Après le repas, le compatriote s’exclama : on parle, on parle, mais le pays fait quand même des progrès. C’est très bien. Il faut souvent la visite des compatriotes comme toi pour nous renseigner un peu. Avec notre éloignement on est parfois un peu perdu.
Rentré à ma chambre d’hôtel le soir, je m’empressai d’appeler mon frère et compatriote David pour lui raconter la scène, non sans une certaine excitation. Sa réaction fut des plus simples : Merci mon frère. Vous voyez vous-même maintenant que je ne vous ai pas raconté des histoires. Dans tous les cas, moi je travaille et je sais que j’ai des faiblesses, mais comme tout le monde, comme tout gestionnaire et non les histoires que certains vont raconter au chef de l’Etat en demandant qu’on m’enlève.
Voilà pour ainsi dire, l’homme que j’ai connu par un hasard heureux et découvert les compétences et le travail. Je ne défends et ne protège personne automatiquement, opportunément ou malicieusement. Je défends et défendrai la vérité, la tolérance, le dialogue, l’amour propre des uns et des autres, la patrie avec nos justes et légitimes intérêts nationaux. Je défends après tout et dans le cas précis, l’honneur et la dignité d’un homme sur lequel et contre lequel, on a écrit tant de choses, raconté tant de choses, tout sauf ce qu’il a fait de bon et de bien, ce qu’il a fait pour son pays, pour sa patrie. David en a immensément souffert les trois dernières années de sa vie sur terre, sa famille et ses amis aussi.
Parce que la fibre optique, à cause de la fibre optique et avec cette fibre optique, le travail, le travail, le génie, la passion et la détermination de David, les Camerounais bénéficient d’un coût d’internet parmi les plus moins chers du monde. D’autres projets n’ont pas marché comme il avait voulu, avait espéré ou planifié, mais il aura pour l’essentiel travaillé et donné le meilleur de lui-même.

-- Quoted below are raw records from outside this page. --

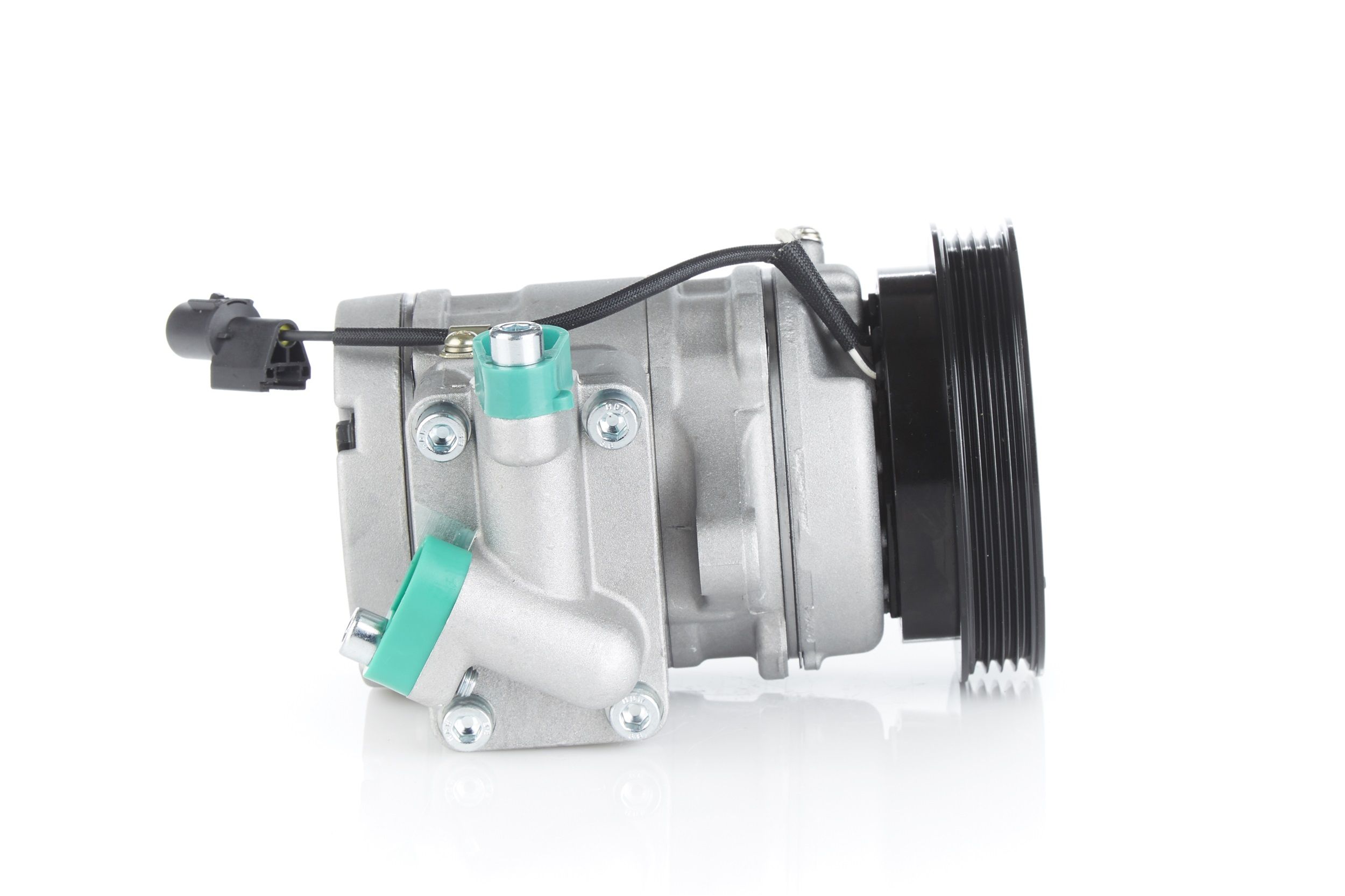 Kompressor, Klimaanlage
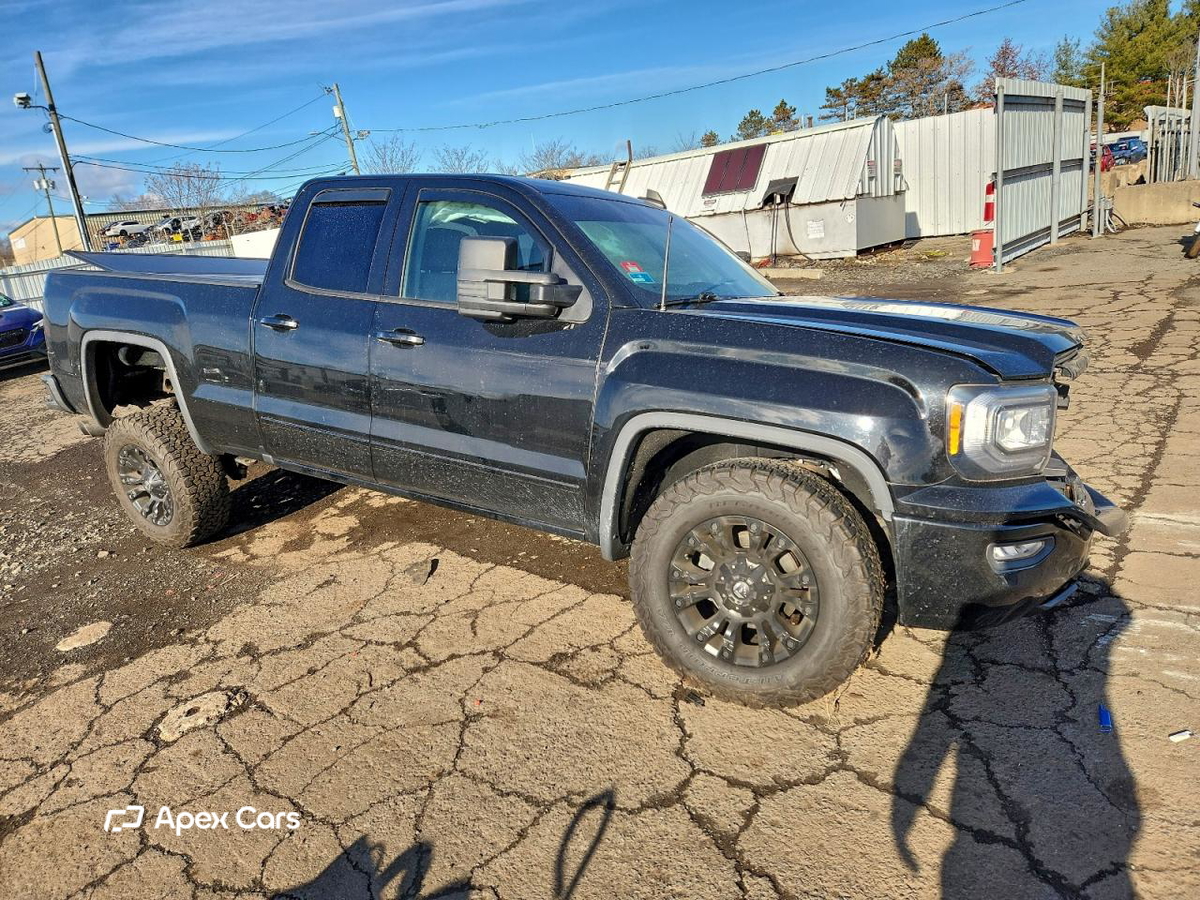GMC  2019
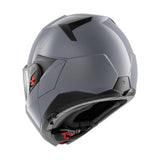 SHARK OXO DARK SHADOW SILVER + VISOR S
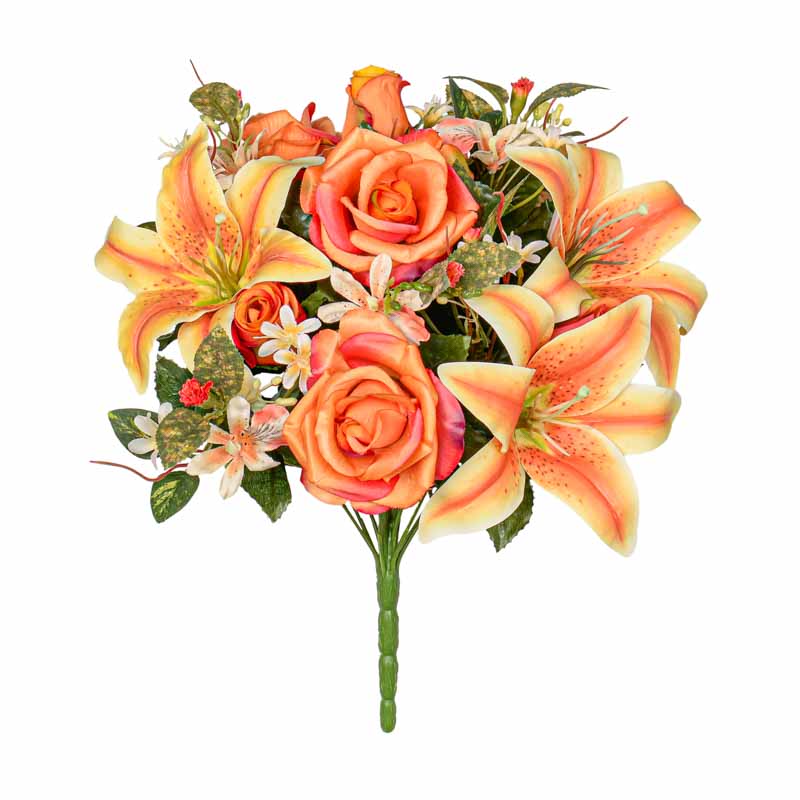 Bouquet 'Barjols' artificiel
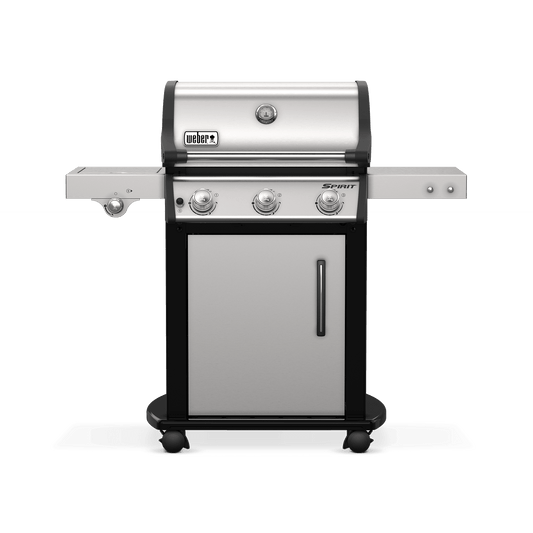 Asador A Gas Spirit Black S-325 Gbs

Sur la tombe de David, il faudra déposer une gerbe de fleur majestueuse aux couleurs nationales, barrée de l’inscription ci-dessous :
LA NATION RECONNAISANTE POUR LA FIBRE OPTIQUE
J’ai dis la vérité et rien que la vérité, pour la mémoire de compatriote qui s’est éteint à Yaoundé ce jour de samedi 17 septembre 2022, afin que les vivants et la postérité ne se trompent point, ne le sanctionnent pas au-delà de qu’il mérite réellement, et reconnaissent son travail dans la plénitude de son utilité et de son apport pour l’avancement de notre pays.